On Wed, Aug 16, 2006 at 02:28:53PM +0200, Peter Eisentraut wrote:
> Am Mittwoch, 16. August 2006 14:10 schrieb Robert Treat:
> > I'm not sure I follow this, since currently anyone can email the bugs list
> > or use the bugs -> email form from the website. Are you looking to
> > increase the barrier for bug reporting?
>
> Only a small fraction of the new posts on pgsql-bugs are actually bugs. Most
> are confused or misdirected users. I don't want to raise that barrier. But
> I want a higher barrier before something is recorded in the bug tracking
> system.
Well, you need to get some agreement on what the bug tracker is for. Is
it:
a) a front-end to deal with complaints and bugs people have. Is it
something you expect end users to look at? This is how Debian uses its
bug-tracker, to make sure issues people bring up don't get lost.
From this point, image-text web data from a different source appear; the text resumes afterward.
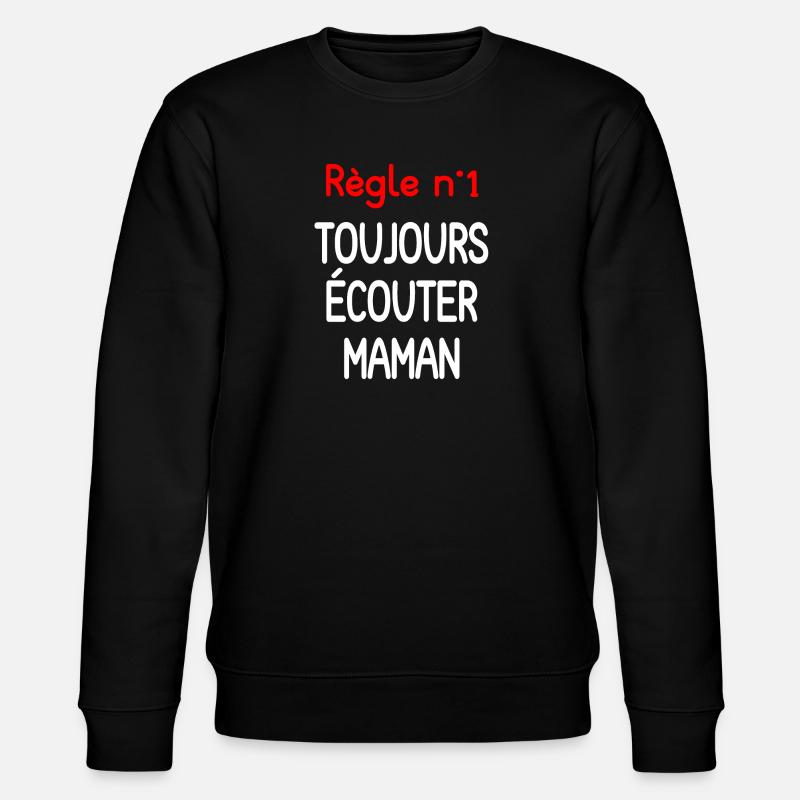 Zitat Mama immer zuhören - Stanley/Stella Unisex Bio-Sweatshirt CHANGER  - Schwarz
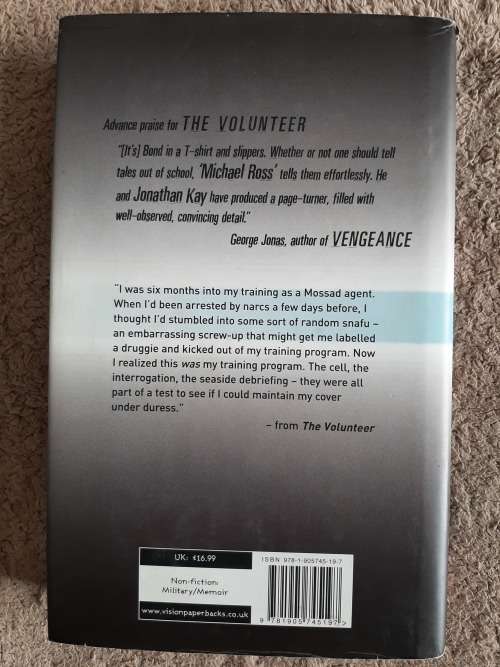 The Volunteer: My Secret Life in The Mossad - Author: Michael Ross with Jonathan Kay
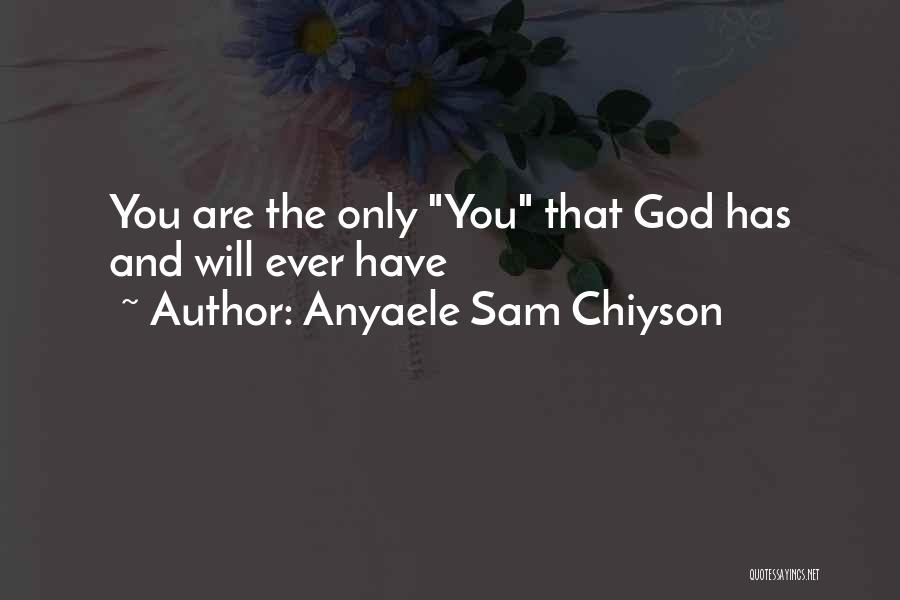 Anyaele Sam Chiyson Quotes: You Are The Only You That God Has And Will Ever Have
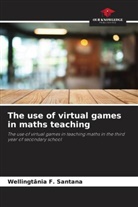 Wellingtânia F. Santana - The use of virtual games in maths teaching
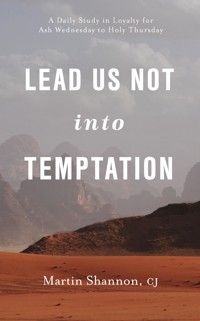 Lead Us Not Into Temptation - Martin Shannon - ebook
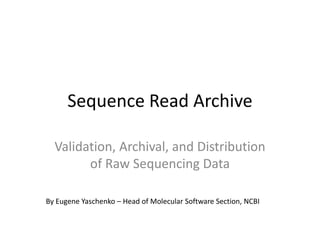 Sequence Read Archive
Validation, Archival, and Distribution
of Raw Sequencing Data
By Eugene Yaschenko – Head of Molecular Software Section, NCBI
 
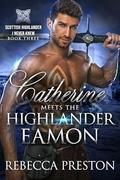 Catherine Meets The Highlander Eamon: A Scottish Time Travel Romance (Scottish Highlander I Never Knew #3) by Rebecca Preston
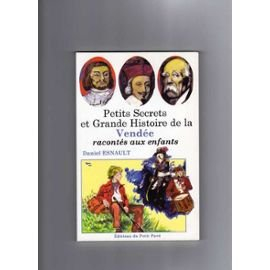 Petits secrets et grande histoire de la Vendée racontée aux enfants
You
can always close the bug if it isn't a real bug.
Or:
b) a private bug database only used by -hackers to track known
outstanding bugs and patches.
If you want the latter, the approach would be to keep pgsql-bugs and
when a real issue comes up, bounce it to the bug tracker. Any
subsequent email discussion should then get logged in the bug report.
Have a nice day,
--
Martijn van Oosterhout <kleptog@svana.org> http://svana.org/kleptog/
> From each according to his ability. To each according to his ability to litigate.